##### Provided material #####

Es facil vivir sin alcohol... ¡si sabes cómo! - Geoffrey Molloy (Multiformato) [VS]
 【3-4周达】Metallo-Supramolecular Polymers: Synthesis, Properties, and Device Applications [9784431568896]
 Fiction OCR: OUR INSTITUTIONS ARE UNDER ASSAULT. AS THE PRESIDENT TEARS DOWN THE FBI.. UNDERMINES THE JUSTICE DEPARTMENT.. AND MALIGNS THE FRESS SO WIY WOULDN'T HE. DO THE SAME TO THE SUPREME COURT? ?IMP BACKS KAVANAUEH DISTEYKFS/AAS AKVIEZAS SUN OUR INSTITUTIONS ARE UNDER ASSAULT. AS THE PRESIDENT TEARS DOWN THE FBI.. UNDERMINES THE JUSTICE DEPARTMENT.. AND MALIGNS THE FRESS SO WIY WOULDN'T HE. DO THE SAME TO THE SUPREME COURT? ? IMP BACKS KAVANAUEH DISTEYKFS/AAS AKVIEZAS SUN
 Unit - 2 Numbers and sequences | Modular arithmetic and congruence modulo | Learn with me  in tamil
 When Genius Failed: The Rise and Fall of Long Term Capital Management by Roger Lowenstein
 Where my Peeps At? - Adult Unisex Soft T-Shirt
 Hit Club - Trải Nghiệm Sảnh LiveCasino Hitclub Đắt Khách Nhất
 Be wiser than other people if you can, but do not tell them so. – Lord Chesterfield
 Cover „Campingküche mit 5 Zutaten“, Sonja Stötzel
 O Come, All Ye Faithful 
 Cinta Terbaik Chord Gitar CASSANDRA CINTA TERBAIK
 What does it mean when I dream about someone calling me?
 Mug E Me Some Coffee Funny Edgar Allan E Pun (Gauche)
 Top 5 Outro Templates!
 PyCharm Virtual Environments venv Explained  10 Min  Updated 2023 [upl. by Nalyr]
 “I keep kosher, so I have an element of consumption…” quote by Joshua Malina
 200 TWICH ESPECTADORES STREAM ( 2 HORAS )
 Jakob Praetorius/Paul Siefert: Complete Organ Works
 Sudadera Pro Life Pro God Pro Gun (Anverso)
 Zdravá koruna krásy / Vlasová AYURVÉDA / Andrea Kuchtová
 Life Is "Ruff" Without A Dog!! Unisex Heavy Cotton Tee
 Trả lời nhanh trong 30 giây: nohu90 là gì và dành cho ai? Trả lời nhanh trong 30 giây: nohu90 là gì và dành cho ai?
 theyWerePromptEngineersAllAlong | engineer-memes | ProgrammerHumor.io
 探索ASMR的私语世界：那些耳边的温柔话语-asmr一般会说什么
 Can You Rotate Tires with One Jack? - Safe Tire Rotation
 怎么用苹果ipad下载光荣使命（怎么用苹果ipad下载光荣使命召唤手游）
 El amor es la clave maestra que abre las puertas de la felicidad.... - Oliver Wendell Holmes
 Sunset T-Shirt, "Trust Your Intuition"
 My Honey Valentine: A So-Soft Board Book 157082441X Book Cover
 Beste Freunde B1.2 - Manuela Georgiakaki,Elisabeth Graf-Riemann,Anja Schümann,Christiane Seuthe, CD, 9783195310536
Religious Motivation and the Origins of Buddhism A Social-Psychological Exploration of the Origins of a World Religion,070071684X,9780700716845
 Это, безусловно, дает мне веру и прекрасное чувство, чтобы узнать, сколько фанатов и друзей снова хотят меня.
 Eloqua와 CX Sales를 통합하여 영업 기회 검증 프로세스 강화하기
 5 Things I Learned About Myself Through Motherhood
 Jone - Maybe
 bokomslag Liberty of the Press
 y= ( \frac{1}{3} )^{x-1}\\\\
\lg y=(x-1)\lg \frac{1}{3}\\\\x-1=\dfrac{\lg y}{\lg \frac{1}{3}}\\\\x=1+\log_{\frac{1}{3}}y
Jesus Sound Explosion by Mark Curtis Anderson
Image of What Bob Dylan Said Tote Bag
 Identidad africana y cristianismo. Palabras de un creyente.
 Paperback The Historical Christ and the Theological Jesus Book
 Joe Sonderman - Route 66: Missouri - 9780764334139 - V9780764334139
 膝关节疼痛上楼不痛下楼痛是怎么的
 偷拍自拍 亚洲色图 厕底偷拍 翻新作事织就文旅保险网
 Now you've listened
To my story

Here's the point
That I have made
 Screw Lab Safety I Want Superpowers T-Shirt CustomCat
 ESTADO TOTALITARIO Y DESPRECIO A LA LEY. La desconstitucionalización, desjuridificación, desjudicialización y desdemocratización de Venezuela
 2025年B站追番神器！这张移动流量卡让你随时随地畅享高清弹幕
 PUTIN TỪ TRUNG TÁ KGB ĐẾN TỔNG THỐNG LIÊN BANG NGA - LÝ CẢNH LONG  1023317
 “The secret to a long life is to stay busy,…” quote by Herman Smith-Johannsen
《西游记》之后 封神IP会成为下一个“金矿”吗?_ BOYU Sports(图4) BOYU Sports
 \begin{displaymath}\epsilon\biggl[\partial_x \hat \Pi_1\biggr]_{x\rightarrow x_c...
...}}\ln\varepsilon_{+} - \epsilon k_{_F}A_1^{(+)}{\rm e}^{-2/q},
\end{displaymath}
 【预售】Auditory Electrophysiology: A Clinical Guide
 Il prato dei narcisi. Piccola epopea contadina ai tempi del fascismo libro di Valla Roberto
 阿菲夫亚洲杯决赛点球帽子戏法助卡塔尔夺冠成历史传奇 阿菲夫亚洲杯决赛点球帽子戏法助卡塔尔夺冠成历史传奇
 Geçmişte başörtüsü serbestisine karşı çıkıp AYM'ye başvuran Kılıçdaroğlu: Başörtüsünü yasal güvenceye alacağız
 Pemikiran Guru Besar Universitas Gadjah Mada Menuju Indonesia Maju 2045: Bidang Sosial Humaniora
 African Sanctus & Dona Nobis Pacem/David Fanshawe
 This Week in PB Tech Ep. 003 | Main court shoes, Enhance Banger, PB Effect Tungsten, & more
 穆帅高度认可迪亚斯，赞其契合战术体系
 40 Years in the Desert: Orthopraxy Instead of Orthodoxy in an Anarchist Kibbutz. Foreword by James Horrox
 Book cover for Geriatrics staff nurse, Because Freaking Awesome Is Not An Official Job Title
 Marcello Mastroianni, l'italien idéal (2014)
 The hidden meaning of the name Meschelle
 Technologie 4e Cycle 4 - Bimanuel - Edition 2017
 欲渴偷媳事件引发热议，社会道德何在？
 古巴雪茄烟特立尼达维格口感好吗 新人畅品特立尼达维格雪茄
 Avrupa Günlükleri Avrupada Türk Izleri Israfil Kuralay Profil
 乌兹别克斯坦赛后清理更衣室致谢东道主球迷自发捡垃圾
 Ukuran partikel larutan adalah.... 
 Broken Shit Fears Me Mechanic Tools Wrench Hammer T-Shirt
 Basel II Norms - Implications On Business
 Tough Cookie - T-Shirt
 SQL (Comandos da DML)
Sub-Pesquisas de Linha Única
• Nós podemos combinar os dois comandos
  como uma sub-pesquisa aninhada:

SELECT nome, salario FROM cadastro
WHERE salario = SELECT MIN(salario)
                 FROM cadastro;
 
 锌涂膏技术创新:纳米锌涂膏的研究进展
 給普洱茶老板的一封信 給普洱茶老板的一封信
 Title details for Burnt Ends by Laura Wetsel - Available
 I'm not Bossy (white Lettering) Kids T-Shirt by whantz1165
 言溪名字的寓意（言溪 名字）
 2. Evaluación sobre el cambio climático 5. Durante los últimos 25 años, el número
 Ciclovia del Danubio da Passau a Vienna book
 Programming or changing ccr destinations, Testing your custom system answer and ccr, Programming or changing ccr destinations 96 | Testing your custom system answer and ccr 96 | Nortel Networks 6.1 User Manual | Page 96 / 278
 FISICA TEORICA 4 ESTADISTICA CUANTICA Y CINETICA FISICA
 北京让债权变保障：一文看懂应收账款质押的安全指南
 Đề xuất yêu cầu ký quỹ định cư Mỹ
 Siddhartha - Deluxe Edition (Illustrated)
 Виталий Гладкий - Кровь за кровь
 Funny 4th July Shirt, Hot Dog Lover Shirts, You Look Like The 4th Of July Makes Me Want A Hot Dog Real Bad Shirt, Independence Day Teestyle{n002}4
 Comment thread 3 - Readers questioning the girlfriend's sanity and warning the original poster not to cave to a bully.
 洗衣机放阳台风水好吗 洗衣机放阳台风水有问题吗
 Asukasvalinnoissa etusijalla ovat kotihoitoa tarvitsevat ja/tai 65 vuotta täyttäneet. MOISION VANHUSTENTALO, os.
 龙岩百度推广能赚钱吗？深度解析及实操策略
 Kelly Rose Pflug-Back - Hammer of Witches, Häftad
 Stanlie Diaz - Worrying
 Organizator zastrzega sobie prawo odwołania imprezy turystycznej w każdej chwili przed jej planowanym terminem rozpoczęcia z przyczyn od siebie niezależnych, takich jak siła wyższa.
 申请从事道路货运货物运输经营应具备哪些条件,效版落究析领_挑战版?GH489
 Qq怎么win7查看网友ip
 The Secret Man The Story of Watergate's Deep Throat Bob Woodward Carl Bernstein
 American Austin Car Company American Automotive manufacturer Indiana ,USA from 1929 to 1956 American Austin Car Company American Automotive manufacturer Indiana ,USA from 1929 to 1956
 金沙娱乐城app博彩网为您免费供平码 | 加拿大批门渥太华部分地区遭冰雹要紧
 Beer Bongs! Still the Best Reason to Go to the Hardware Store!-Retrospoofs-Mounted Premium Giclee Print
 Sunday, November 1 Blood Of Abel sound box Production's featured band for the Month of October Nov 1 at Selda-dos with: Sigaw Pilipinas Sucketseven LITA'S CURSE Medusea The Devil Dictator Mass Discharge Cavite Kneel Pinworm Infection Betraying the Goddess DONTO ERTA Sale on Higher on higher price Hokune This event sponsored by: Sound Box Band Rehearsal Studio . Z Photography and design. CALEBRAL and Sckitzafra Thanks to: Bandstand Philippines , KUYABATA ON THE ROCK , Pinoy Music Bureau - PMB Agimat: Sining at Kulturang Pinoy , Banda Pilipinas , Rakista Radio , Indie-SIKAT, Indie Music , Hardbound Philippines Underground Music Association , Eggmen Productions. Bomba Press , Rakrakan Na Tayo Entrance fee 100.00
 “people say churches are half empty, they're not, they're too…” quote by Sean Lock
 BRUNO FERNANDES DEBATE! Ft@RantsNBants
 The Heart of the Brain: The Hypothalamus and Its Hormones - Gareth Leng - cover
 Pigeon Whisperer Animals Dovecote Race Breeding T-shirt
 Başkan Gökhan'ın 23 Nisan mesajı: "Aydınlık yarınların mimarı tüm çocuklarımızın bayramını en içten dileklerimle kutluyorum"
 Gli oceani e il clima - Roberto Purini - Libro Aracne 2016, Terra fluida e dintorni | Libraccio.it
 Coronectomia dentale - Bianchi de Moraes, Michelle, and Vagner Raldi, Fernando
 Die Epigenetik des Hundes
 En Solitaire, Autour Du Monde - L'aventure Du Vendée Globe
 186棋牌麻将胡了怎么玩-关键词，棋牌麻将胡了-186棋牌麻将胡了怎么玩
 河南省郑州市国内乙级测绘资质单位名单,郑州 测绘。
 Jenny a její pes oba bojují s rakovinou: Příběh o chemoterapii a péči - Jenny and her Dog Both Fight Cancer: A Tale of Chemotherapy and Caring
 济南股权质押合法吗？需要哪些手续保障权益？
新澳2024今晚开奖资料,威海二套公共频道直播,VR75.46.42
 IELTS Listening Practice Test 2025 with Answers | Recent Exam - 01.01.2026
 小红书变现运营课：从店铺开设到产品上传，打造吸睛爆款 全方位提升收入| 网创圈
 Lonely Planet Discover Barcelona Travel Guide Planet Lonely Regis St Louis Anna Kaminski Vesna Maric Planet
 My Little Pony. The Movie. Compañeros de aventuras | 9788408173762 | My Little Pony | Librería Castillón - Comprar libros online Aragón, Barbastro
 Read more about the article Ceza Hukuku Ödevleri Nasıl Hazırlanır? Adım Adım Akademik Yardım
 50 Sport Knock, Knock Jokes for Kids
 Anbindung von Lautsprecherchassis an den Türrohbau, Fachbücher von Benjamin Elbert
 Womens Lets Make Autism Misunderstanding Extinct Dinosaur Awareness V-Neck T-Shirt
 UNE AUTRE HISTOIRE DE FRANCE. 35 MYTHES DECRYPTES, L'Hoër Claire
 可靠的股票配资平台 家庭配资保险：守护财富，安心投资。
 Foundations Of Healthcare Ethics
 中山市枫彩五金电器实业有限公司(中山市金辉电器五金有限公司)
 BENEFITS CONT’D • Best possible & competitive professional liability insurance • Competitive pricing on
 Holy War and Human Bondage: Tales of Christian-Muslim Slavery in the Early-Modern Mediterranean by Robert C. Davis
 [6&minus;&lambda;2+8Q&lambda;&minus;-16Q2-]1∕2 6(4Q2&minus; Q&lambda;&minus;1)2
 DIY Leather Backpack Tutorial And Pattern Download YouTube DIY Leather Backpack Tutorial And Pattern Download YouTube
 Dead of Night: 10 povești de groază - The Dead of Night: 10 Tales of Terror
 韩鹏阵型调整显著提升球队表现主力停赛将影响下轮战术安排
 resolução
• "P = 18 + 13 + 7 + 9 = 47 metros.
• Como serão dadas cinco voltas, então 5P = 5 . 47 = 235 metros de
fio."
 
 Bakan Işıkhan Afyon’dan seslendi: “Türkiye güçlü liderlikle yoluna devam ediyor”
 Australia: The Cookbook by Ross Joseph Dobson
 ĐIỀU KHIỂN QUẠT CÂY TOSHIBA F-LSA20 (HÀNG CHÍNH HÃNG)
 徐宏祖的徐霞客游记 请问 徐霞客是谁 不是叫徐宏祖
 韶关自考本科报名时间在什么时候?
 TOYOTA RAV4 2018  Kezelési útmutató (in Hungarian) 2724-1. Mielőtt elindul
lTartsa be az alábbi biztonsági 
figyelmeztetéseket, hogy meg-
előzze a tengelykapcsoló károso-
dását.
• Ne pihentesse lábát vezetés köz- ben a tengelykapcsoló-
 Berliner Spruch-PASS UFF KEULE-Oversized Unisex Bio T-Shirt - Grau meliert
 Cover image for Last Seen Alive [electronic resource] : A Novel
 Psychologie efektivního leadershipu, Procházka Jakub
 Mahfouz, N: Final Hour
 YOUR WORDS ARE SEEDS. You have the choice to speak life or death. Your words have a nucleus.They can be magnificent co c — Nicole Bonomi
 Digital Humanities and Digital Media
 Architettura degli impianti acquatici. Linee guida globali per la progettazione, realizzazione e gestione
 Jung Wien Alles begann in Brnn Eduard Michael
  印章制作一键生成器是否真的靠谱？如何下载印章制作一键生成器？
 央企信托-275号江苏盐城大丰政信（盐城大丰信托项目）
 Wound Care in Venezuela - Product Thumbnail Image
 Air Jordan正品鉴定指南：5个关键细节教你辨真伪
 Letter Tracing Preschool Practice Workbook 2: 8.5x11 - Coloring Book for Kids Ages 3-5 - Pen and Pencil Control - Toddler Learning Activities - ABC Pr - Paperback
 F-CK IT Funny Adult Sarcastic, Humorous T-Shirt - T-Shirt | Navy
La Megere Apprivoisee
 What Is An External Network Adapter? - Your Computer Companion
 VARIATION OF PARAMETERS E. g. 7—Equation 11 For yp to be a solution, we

#####

**Task to complete:**
Copy, exactly and only, the lines above that begin with the one containing "2025年B站追番神器！这张移动流量卡让你随时随地畅享高清弹幕" and finish with the one containing "2. Evaluación sobre".

**Result of the task:**
 2025年B站追番神器！这张移动流量卡让你随时随地畅享高清弹幕
 PUTIN TỪ TRUNG TÁ KGB ĐẾN TỔNG THỐNG LIÊN BANG NGA - LÝ CẢNH LONG  1023317
 “The secret to a long life is to stay busy,…” quote by Herman Smith-Johannsen
《西游记》之后 封神IP会成为下一个“金矿”吗?_ BOYU Sports(图4) BOYU Sports
 \begin{displaymath}\epsilon\biggl[\partial_x \hat \Pi_1\biggr]_{x\rightarrow x_c...
...}}\ln\varepsilon_{+} - \epsilon k_{_F}A_1^{(+)}{\rm e}^{-2/q},
\end{displaymath}
 【预售】Auditory Electrophysiology: A Clinical Guide
 Il prato dei narcisi. Piccola epopea contadina ai tempi del fascismo libro di Valla Roberto
 阿菲夫亚洲杯决赛点球帽子戏法助卡塔尔夺冠成历史传奇 阿菲夫亚洲杯决赛点球帽子戏法助卡塔尔夺冠成历史传奇
 Geçmişte başörtüsü serbestisine karşı çıkıp AYM'ye başvuran Kılıçdaroğlu: Başörtüsünü yasal güvenceye alacağız
 Pemikiran Guru Besar Universitas Gadjah Mada Menuju Indonesia Maju 2045: Bidang Sosial Humaniora
 African Sanctus & Dona Nobis Pacem/David Fanshawe
 This Week in PB Tech Ep. 003 | Main court shoes, Enhance Banger, PB Effect Tungsten, & more
 穆帅高度认可迪亚斯，赞其契合战术体系
 40 Years in the Desert: Orthopraxy Instead of Orthodoxy in an Anarchist Kibbutz. Foreword by James Horrox
 Book cover for Geriatrics staff nurse, Because Freaking Awesome Is Not An Official Job Title
 Marcello Mastroianni, l'italien idéal (2014)
 The hidden meaning of the name Meschelle
 Technologie 4e Cycle 4 - Bimanuel - Edition 2017
 欲渴偷媳事件引发热议，社会道德何在？
 古巴雪茄烟特立尼达维格口感好吗 新人畅品特立尼达维格雪茄
 Avrupa Günlükleri Avrupada Türk Izleri Israfil Kuralay Profil
 乌兹别克斯坦赛后清理更衣室致谢东道主球迷自发捡垃圾
 Ukuran partikel larutan adalah.... 
 Broken Shit Fears Me Mechanic Tools Wrench Hammer T-Shirt
 Basel II Norms - Implications On Business
 Tough Cookie - T-Shirt
 SQL (Comandos da DML)
Sub-Pesquisas de Linha Única
• Nós podemos combinar os dois comandos
  como uma sub-pesquisa aninhada:

SELECT nome, salario FROM cadastro
WHERE salario = SELECT MIN(salario)
                 FROM cadastro;
 
 锌涂膏技术创新:纳米锌涂膏的研究进展
 給普洱茶老板的一封信 給普洱茶老板的一封信
 Title details for Burnt Ends by Laura Wetsel - Available
 I'm not Bossy (white Lettering) Kids T-Shirt by whantz1165
 言溪名字的寓意（言溪 名字）
 2. Evaluación sobre el cambio climático 5. Durante los últimos 25 años, el número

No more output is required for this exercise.